Pain and Health Economics

Paper to the 2001 Conference of the New Zealand Pain Society, June 8, 2001, published in New Zealand Pain Society Journal, Issue 3, September 2001, p.13-16.

Keywords: Health;

The initial concern when health economics first began as a part of the economics discipline – about 40 years ago – was ‘productive efficiency’, the extent to which the costs of any particular treatment could be reduced, thus focussing on the relative merits of different treatments of the same medical condition. However economists soon faced the necessity to compare the resource consequences of different medical conditions – ‘allocative efficiency’. The problem arises because ‘health’ is not a simply defined concept with a single index of performance – unlike material production which is measured by GDP – so comparisons between health outcomes are deeply problematic. (There is no policy problem here if health care is delivered entirely by the market mechanism of private payment, for the market implicitly resolves the difficulty by the sick’s payments on the basis of their perception and their ability to pay. But there is no country in the world where this applies.) Any comparison of the health status of two persons also involves deep philosophical issues, which practical economists may avoid, but which still lurk under their pragmatic solutions.

Initially, economists used as a measure of medical performance the avoidance of death and in some areas – road design for instance – that remains the measure today. But even here there is the problem of the resulting length of life – a treatment which extends life for a couple of decades has to be considered of greater merit than one which extends it for a couple of years. So economist’s attention shifted to the notion of ‘life years’ saved rather than ‘lives saved’, although they have been handicapped because often the average number of life years saved by a treatment has not been scientifically measured. (Moreover we cannot avoid comparing people. For instance surveys suggest that adding five years to the life of a eight year old is valued by the public more highly than adding five years to an eighty year old’s life.)

The logic takes us to considering the quality of life, since two treatments may lead to different sorts of lives – say whether one is in a wheelchair, or whether one remains fully ambulant. So in principle we need to compare the quality of life years – that is the number of years a person lives, adjusted by the quality of the life they live. This notion of QALYs may be simple enough but their measurement is complicated. Moreover there is a sense there is no objective people-independent scientific measurement of a quality life year. We have to ask people how to value them – it is a social valuation which is relevant, given society is going to provide the public funding.

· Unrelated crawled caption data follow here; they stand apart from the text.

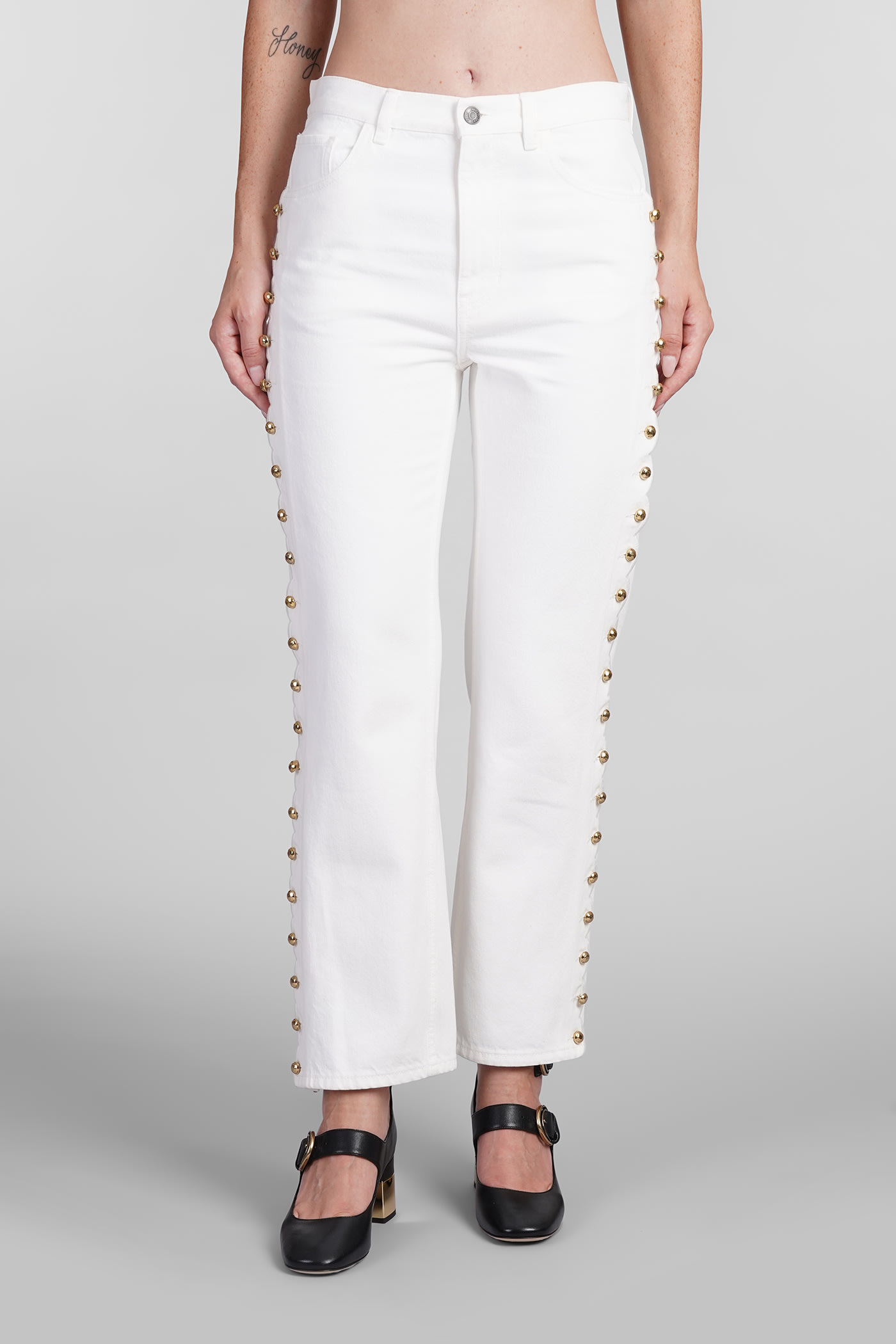 Chloé Cropped Jeans With Embellished Profile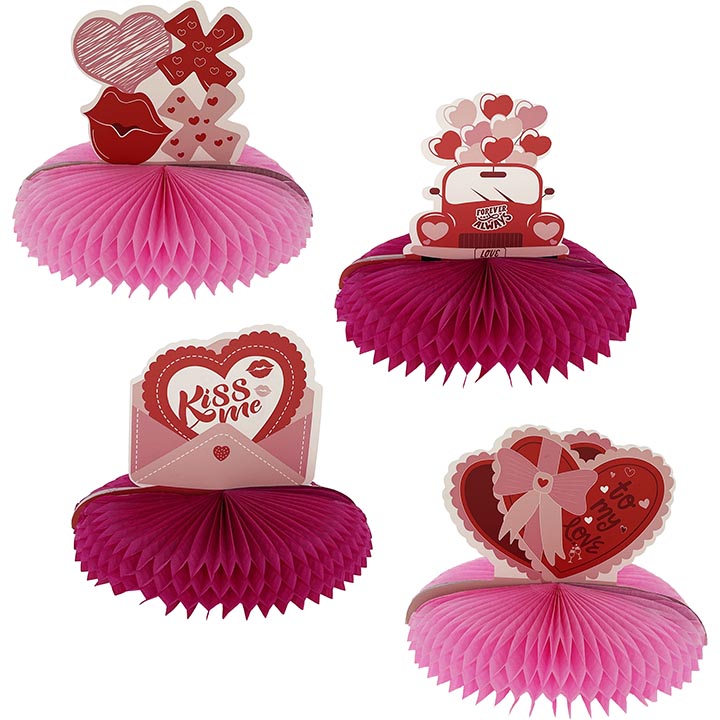 PARTY HONEYCOMB TABLE DÉCOR 4ASSORTED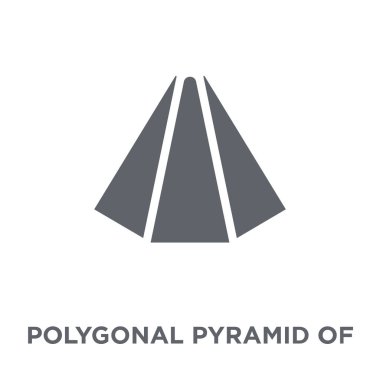 Çokgen piramit üçgen simgesi. Çokgen piramit üçgen tasarım konsepti geometri koleksiyonundan. Basit öğe vektör çizim beyaz arka plan üzerinde.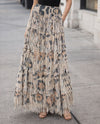 ORIGAMI OLS-4794 LAYERED FRINGE TIERED SKIRT LEOPARD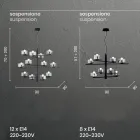 Pendelleuchte aus mundgeblasenem Glas mit Metallstruktur - Angelic Viadurini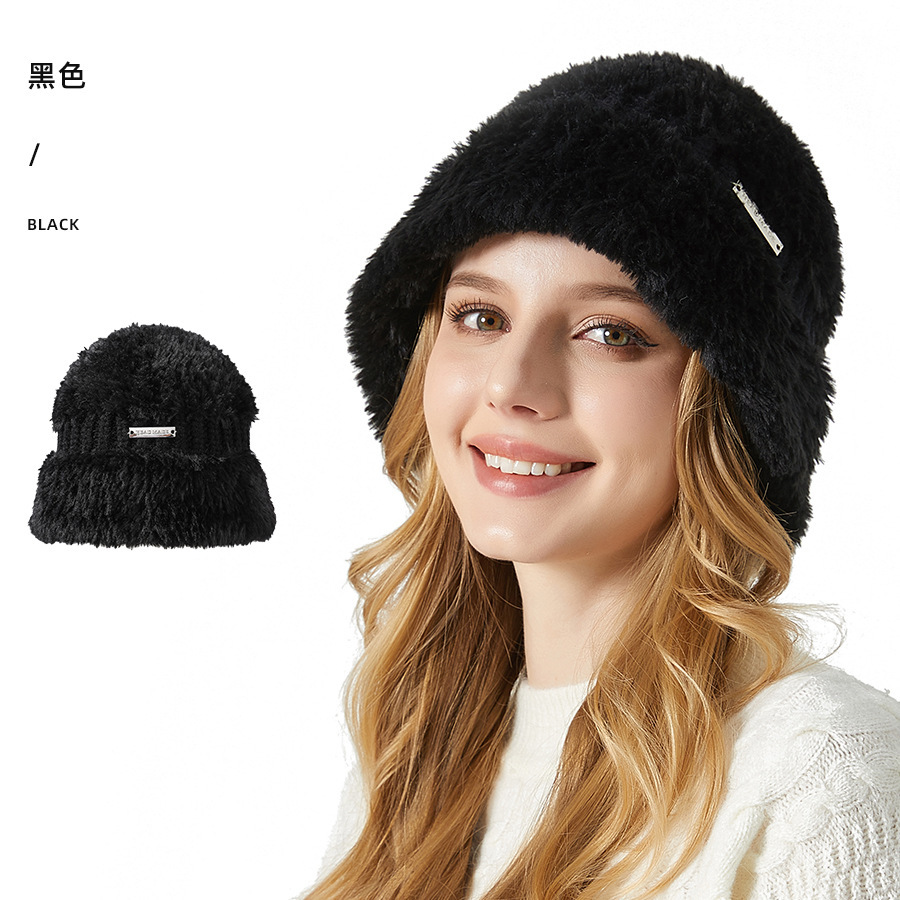 Sombrero de pescador de invierno de las mujeres al aire libre a prueba de viento caliente cuenca sombrero costura engrosada protección del oído sombrero de punto casual sombrero de lana marea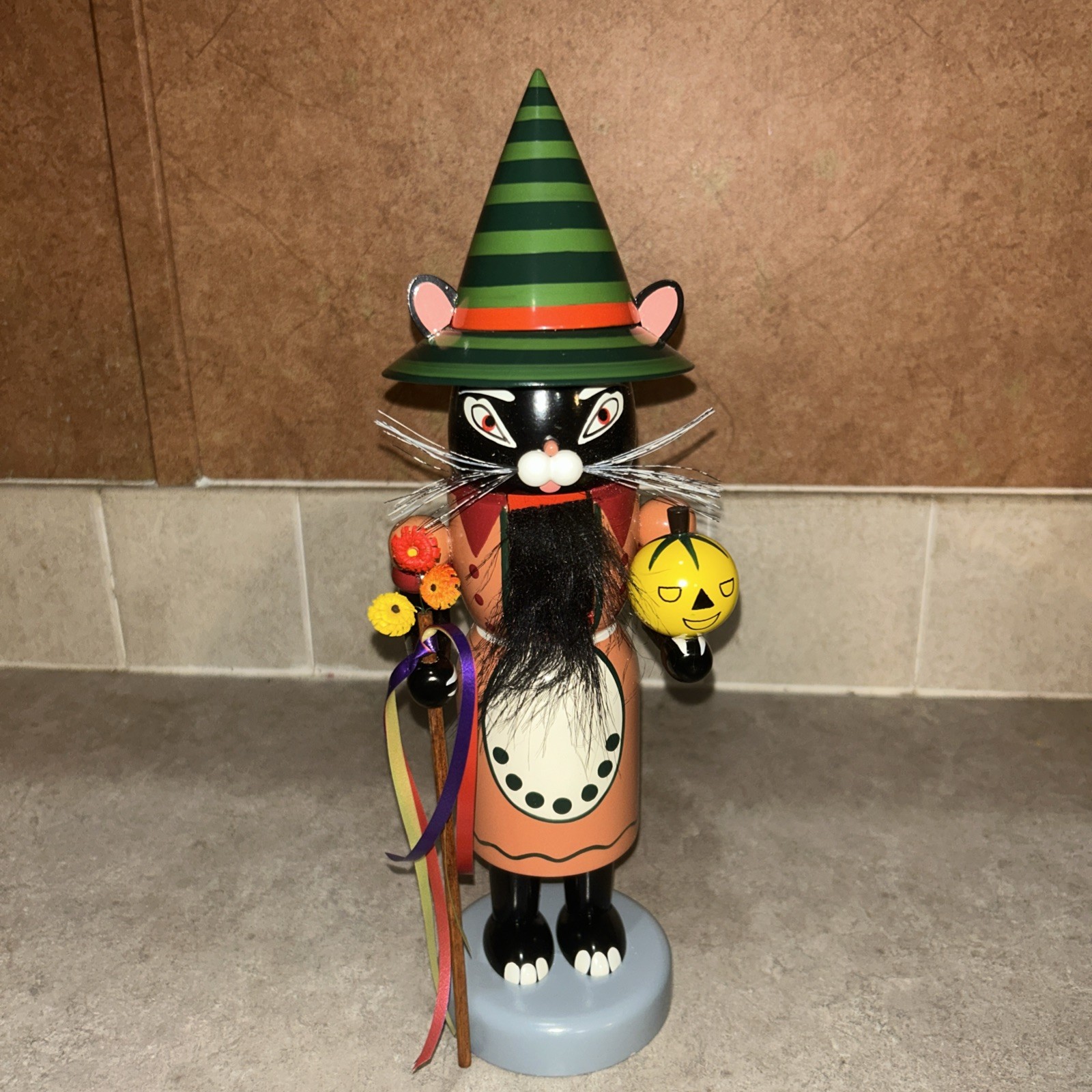 Vtg CAT Nutcracker Freiberger Erzgebrige Wood Halloween Germany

As a final stage in this quick history of some key underlying concepts of health economics, note that much medical treatment today is not intended to save lives, but to improve the quality of life of the living. In such cases mortality measures are totally irrelevant and morbidity becomes paramount. For instance, multiple sclerosis does not, so I am told, shorten life expectation but – especially in its later stages – individuals are seriously handicapped, and the medical profession quite rightly tries to minimise their discomfort and to delay the onset of the later stages.

I have reflected on how economists were pushed from productive efficiency to allocative efficiency and thence from deaths prevented to quality life years improved, as a background to the issue of pain. In a very obvious sense pain reduces the quality of life, so the health economist is interested in the value of preventing or ameliorating that diminution. The practical implication is that if the absence of reduction of pain is valued highly, then there may be a case for public funding of effective treatments. That does not automatically follow, because the cost of treatment has to be taken into consideration. Nevertheless that society significantly values pain reduction is a necessary first step towards such a policy conclusion.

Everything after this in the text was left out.